Good apprach. If the area is pretty broken up, you can reshape it by
hand, use masking tape on the top surface to hold it together. Go
behind it and grind it out with 220 grit. Reshape it with your hand
and then paint a little resin in there. Place your already cut to
shape and size cloth on the wet resin. Take a cheap paint brush and
brush your cloth flat again with more resin. Using the paint brush
helps you get any air out and carefully lay the new cloth flat,
brushing it out flater. If you need a second underlayment of cloth,
do it the same way now. Before it really sets, you can reshape it
with your hands. The closer you get it to it's final shape, the
thinner your repair will need to be. I've gotten them right on
perfect by working it wet. Let that dry and harden. Now your ready
to go back on top to the original fiberglass which may have cracks
from impact. You will want to take a die grinder (I use a dremel)
and gently cut out' carve out every crack that is in the fiberglass
mat to make a little V. On most glass cars this winds up being a V
about a half inch wide. Basically you are taking a tiny crack and
widening it from that crack down in the bottom of the V to .5 inches
wide at the top so that you are going to reglue/repair it with a
wider/stronger patch. Every significan crack must be ground out to a
V and repair to return the panel to it's original strength. I've
seen guys try to glue two broken pieces together on race cars and
they are recracked within three or four races. (Ok, it was me and my
brother). Basically, we learned that it just takes a little longer
to do it right the first time. For the little crack channels, you are
going to want to cut up some of that fiberglass mat into little .25
and .33 and .5 inch hairs, mix it with some resin and paint it into
those channels. Keep a little of the mat on the side. Dab it into
the channel, and keep a little resin only on the side, also to paint
it in. Be careful not to get too much outside of the channel because
you are going to be sanding it all back down to a finish surface.

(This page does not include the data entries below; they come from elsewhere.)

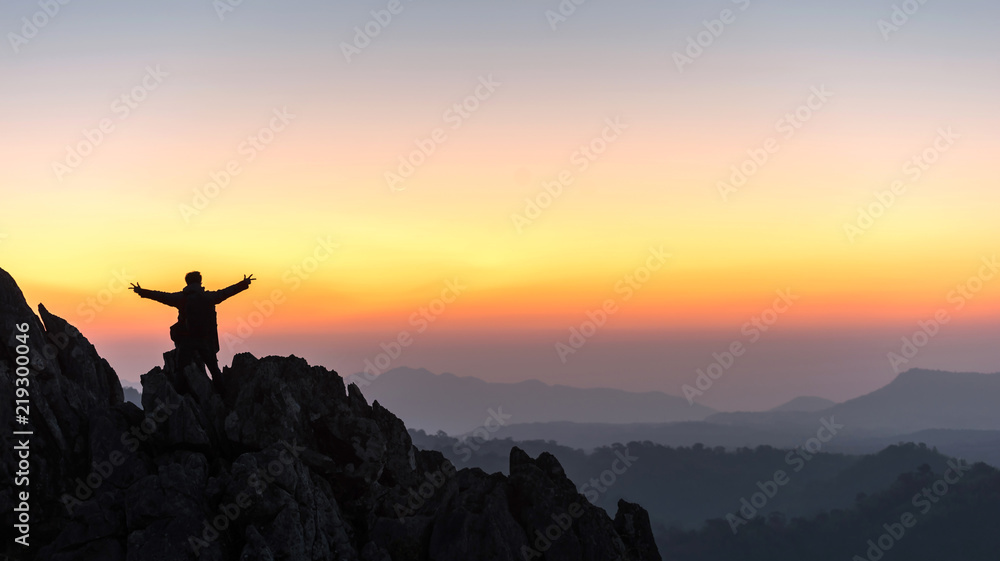 silhouette of a standing man on top of a cliff mountain with arms raised during sunset celebrate success - landscape sunset Thailand
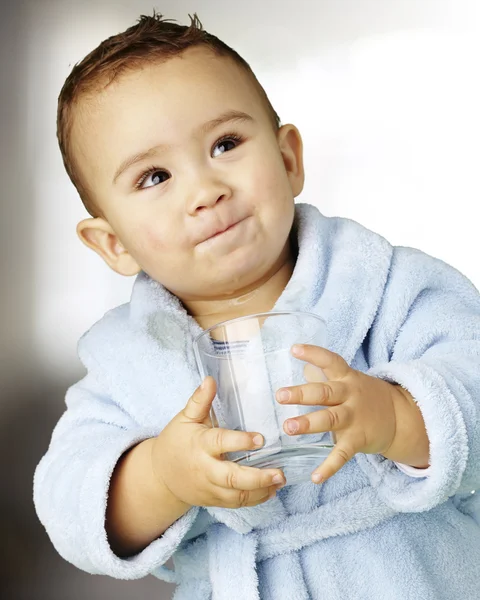Portrait of adorable infant with blue bathrobe holding a glass i — Stock Photo, Image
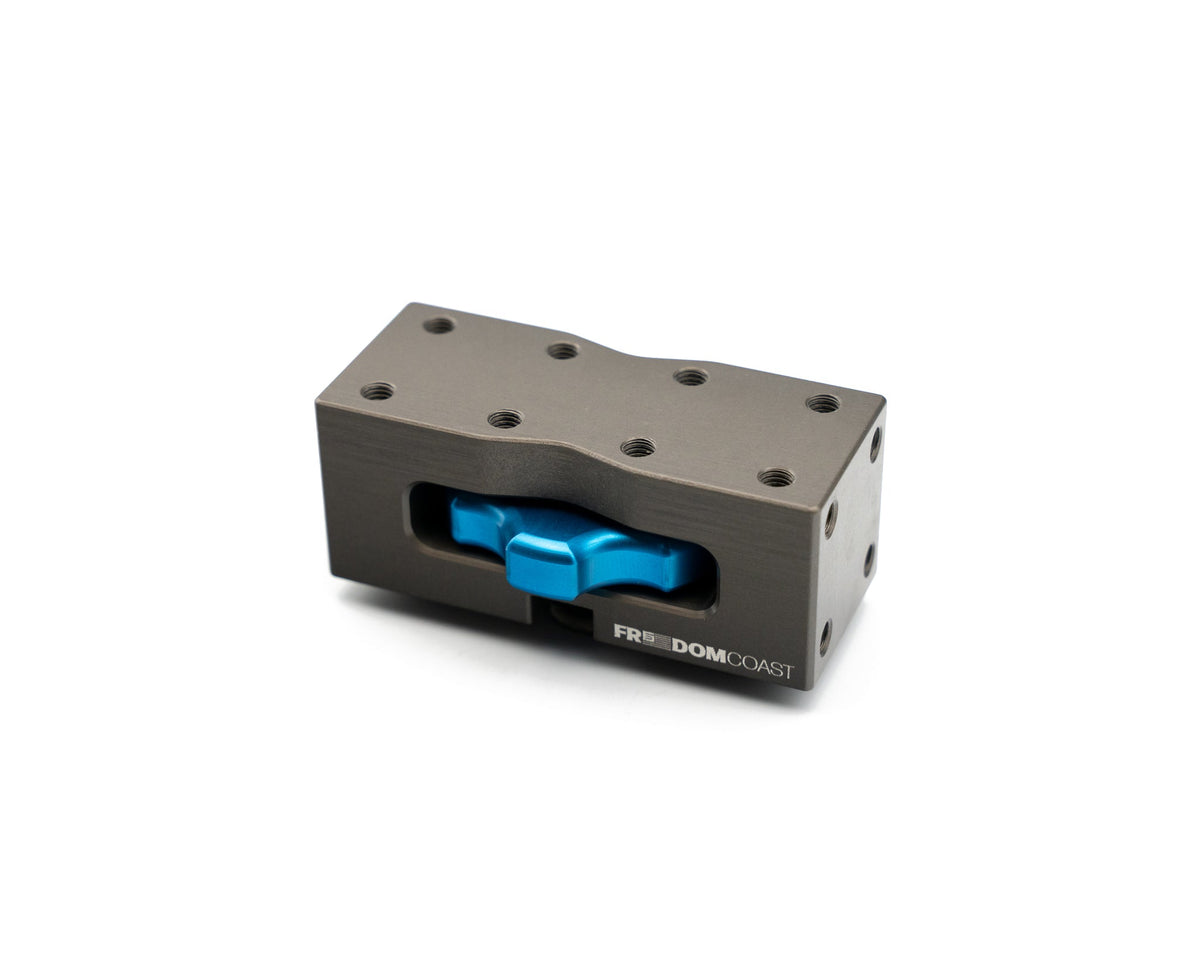 Freedom Coast MODmount base with blue quick-release knob, front angle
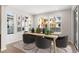 Bright dining room featuring a wooden table with seating and natural light at 8893 Springsong Ln, Littleton, CO 80125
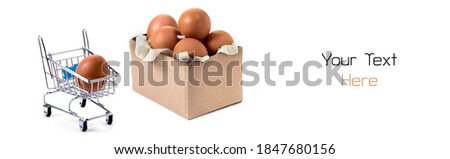Box and trolley with one egg isolated on white background, shopping and buying food metaphor concept.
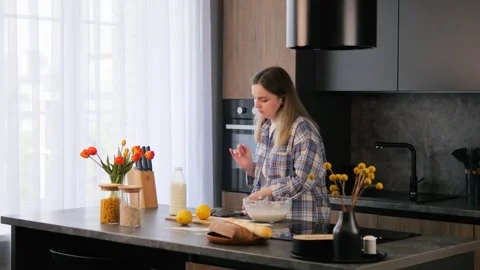 On kitchen table, woman beats eggs in bowl to prepare delicious omelette for Stock Footage 277399963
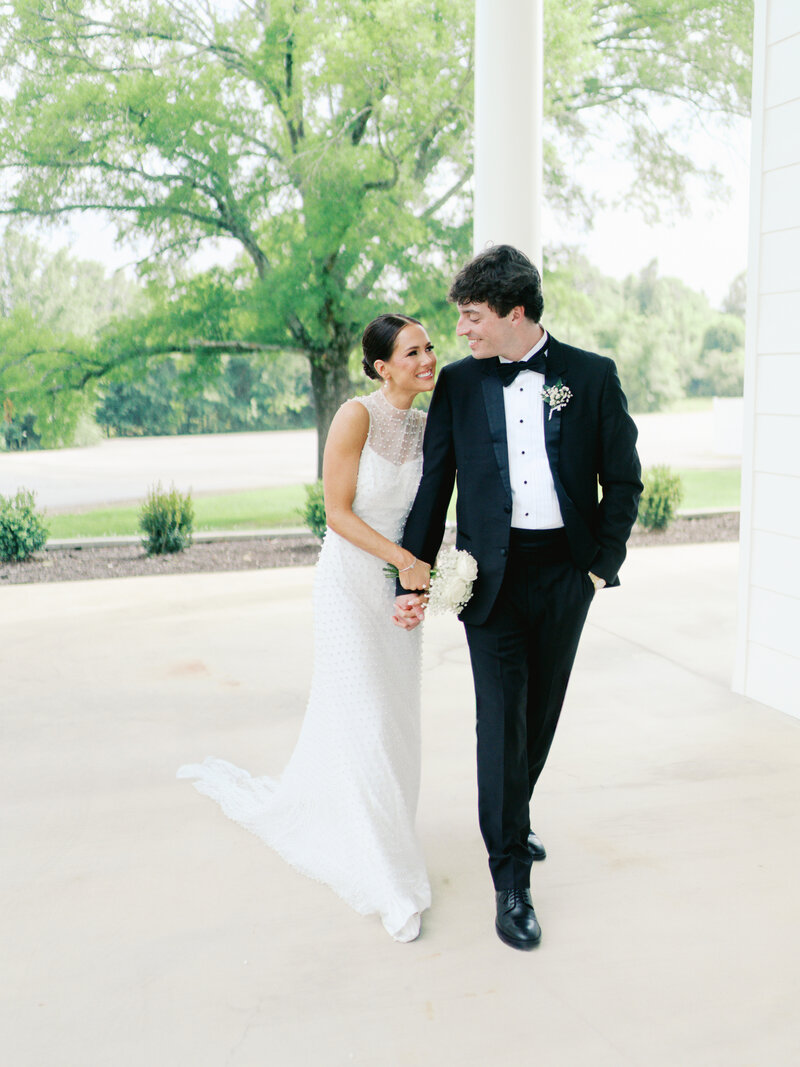 Bride and Groom in White Tuxedo and Maggie Louise Wedding Dress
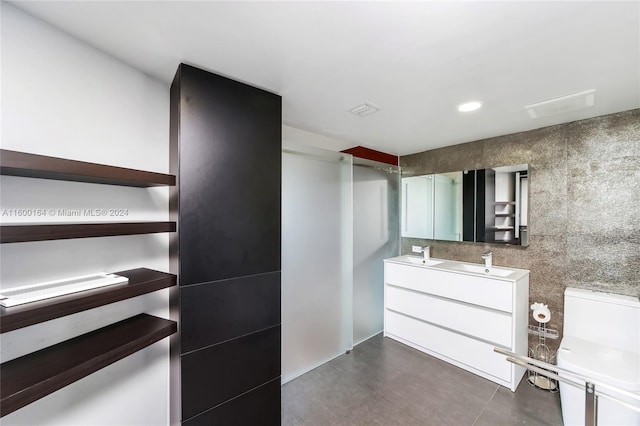 walk in closet with sink and dark tile patterned flooring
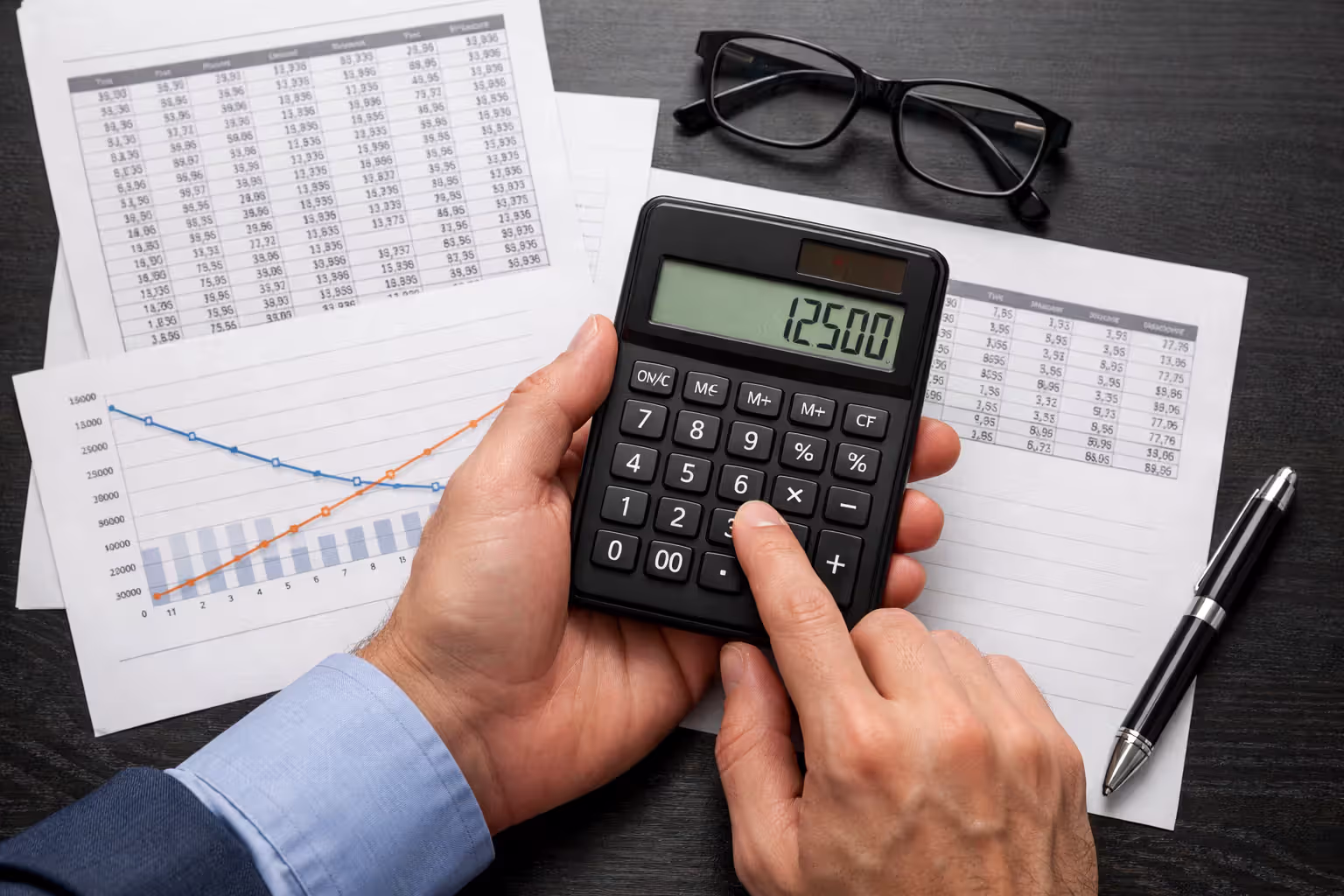 Close-up of hands using calculator next to printed financial amortization schedules and documents on office desk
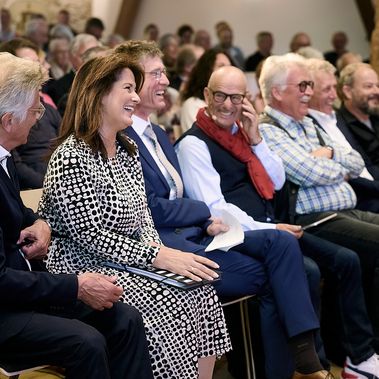 Mehrere Herren und eine Dame sitzen in der ersten Reihe bei einer Veranstaltung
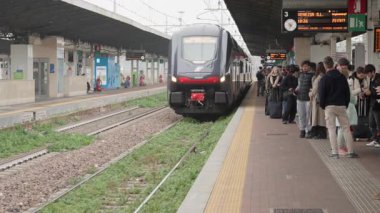 VENEZIA MESTRE, ITALY - 3 Kasım 2025: Modern Trenitalia Rock bölgesel treni istasyon platformuna ulaşır. Çantalı yolcular bulutlu bir sonbahar gününde trene binmek için bekliyorlar..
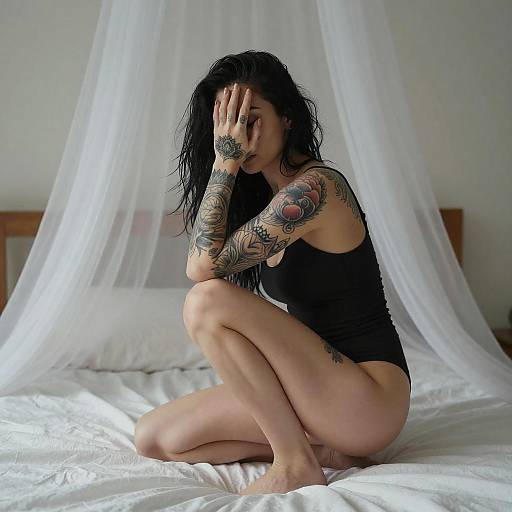 Tattooed Woman Crouching on Bed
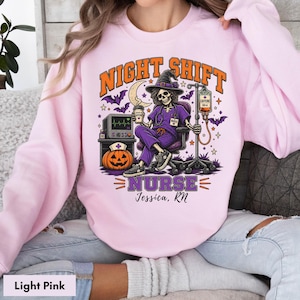 May include: A light pink sweatshirt featuring a graphic of a skeleton nurse in a purple scrub set and witch hat, sitting in a chair with a coffee cup and IV drip. The text reads NIGHT SHIFT NURSE and Jessica, RN, with a pumpkin and monitor.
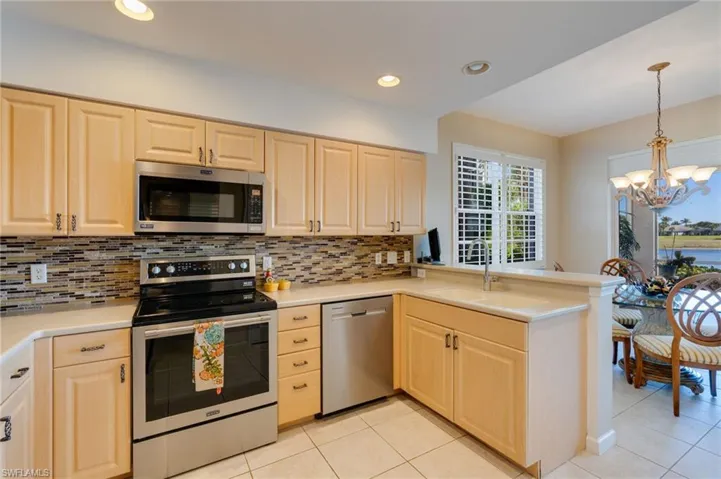 Kitchen featuring stainless steel appliances, light wood finish cabinets, light tile patterned floors, a peninsula, and hanging lights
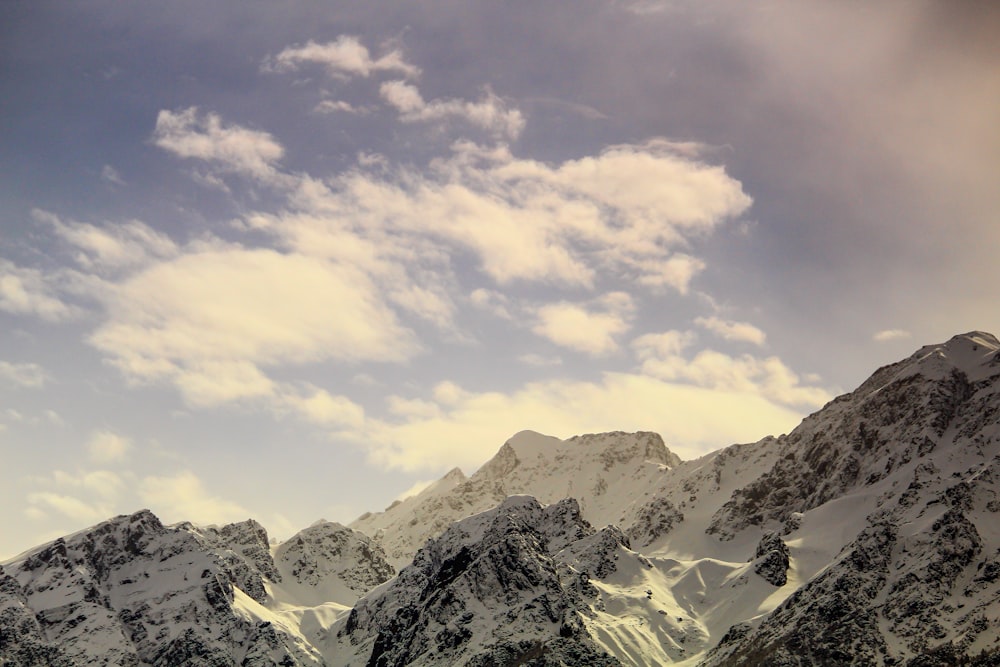 white clouds over mountains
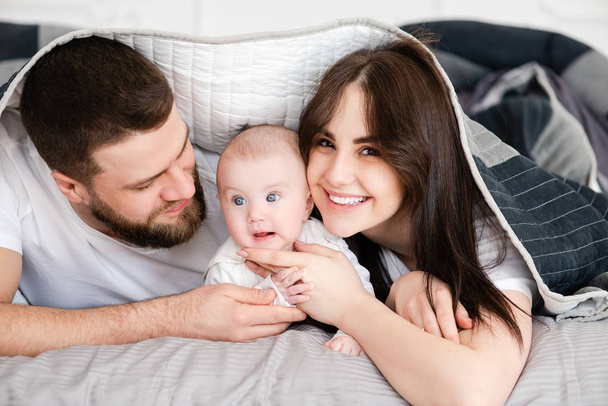 Jovem família sorridente com bebê sob cobertor
 - Foto, Imagem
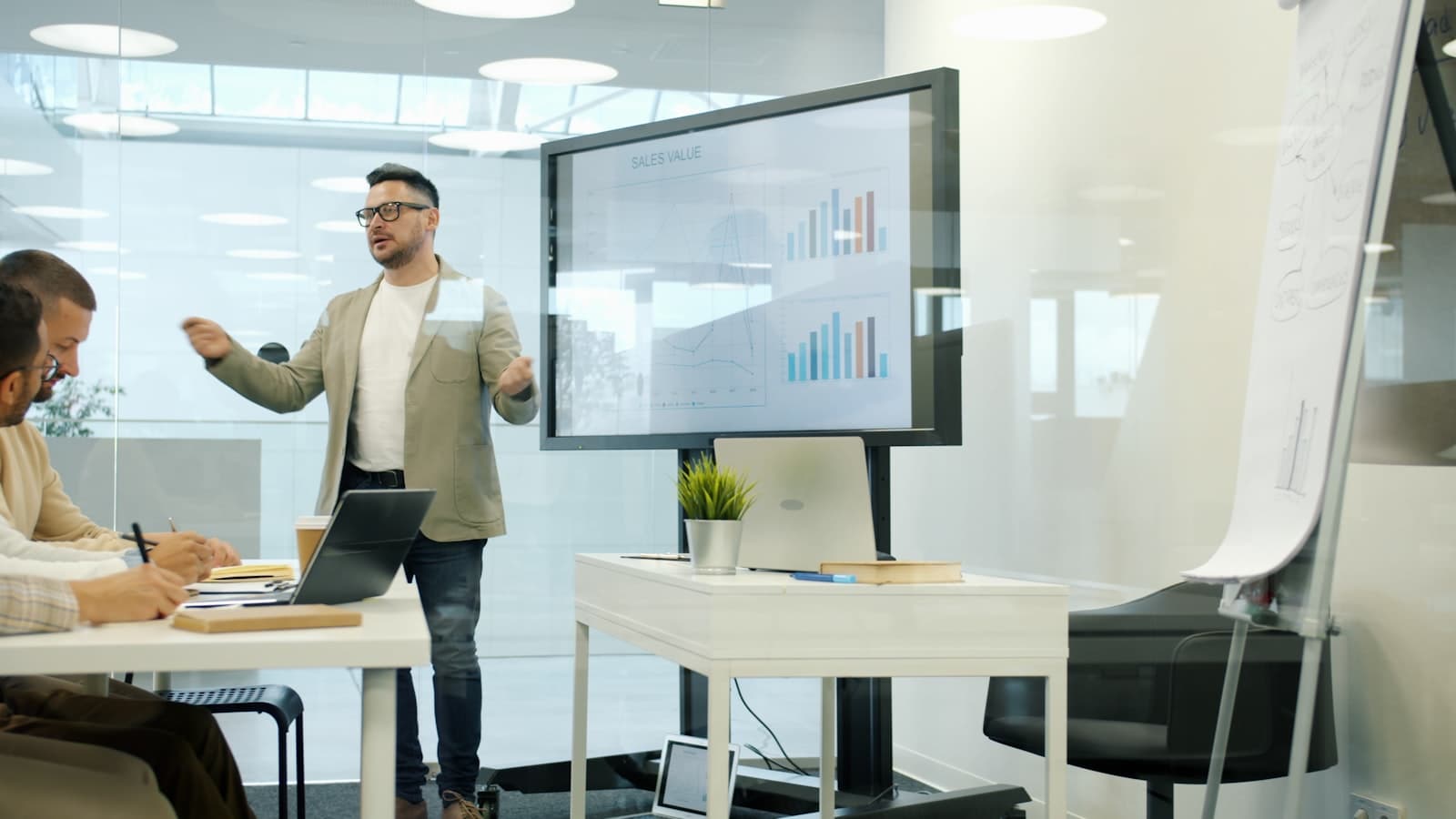 Collega presenteert data en resultaten op een groot scherm aan luisterend team
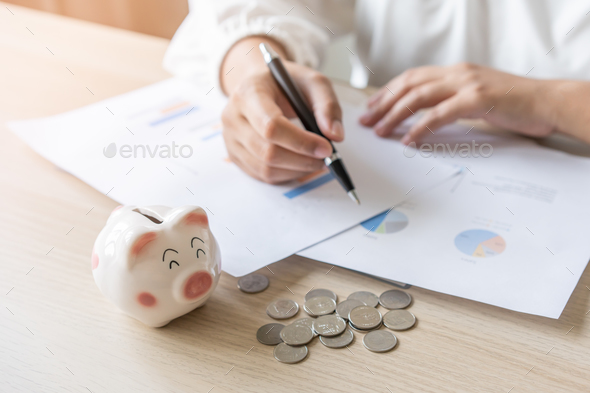 Woman save money for business investment with graph summary profit report. Selective focus at pig.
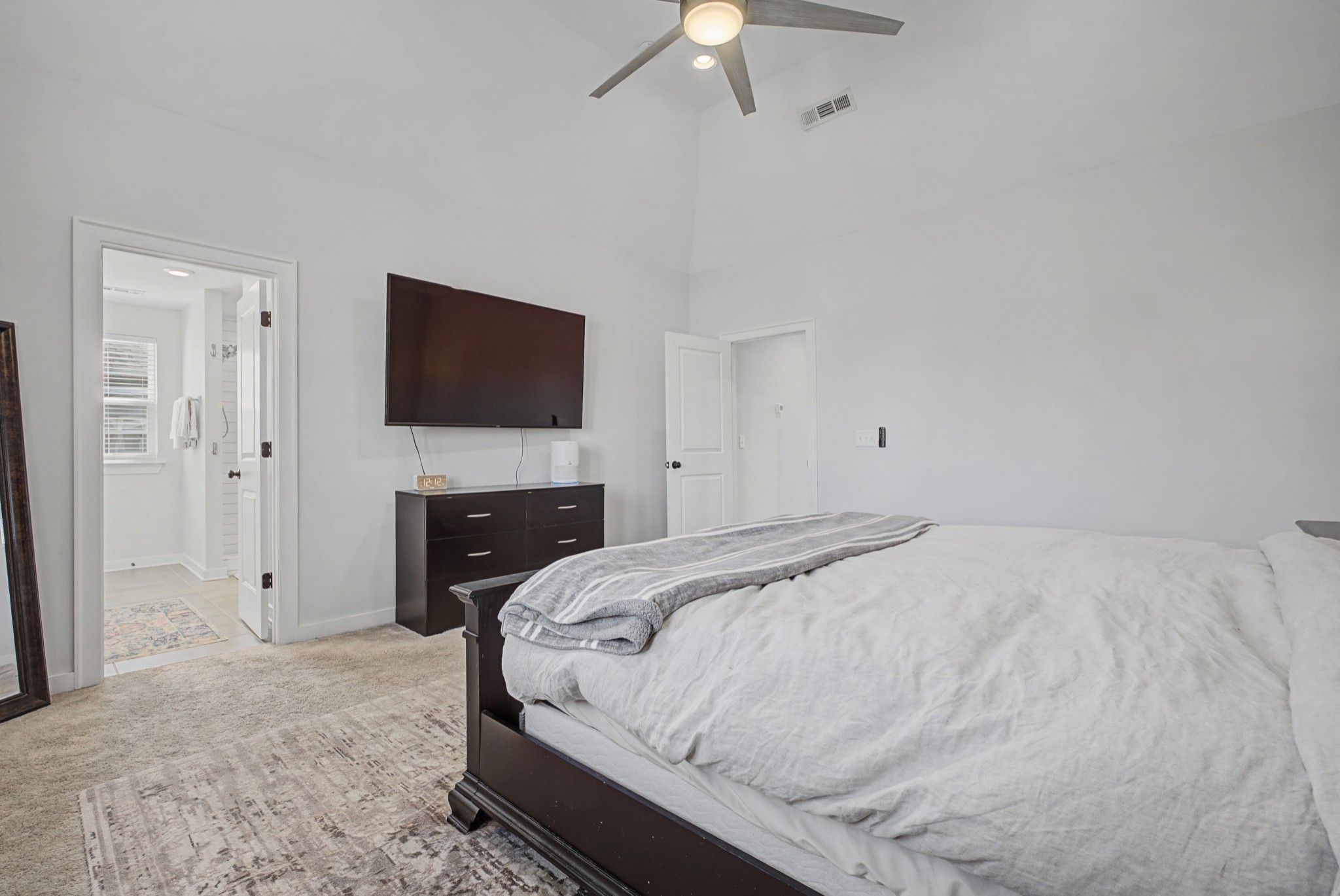 837 Plowson Road Mount Juliet, TN 37122 - Photo 20 of 44 a bedroom with a bed and a flat screen tv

Also, don't mix your resin too hot (with too much hardener). If you
do it will dry too fast and be too rigid when you are done. You want
it to be a pliable repair. Once you get your repair structurally
fixed, you are going to want to go over the final surface with a
thinner, flexible fiberglass repair like bondo. (Others will
complain if I say MarinTech. And then the final finishing with
sandable primer. When you get the repair surface both smooth (not
wavy) and no pin holes, your ready to go to paint. I would advocate
at least a 6 inch flat block sanding to make sure you don't have
waves. You can use a guide coat, which is misting black paint over
the grey or red primer, then sanding. When you sand off the all of
the black with a flat 6 inch long block without seeing any black in
the "lows", you'll know you got it flat and not wavy.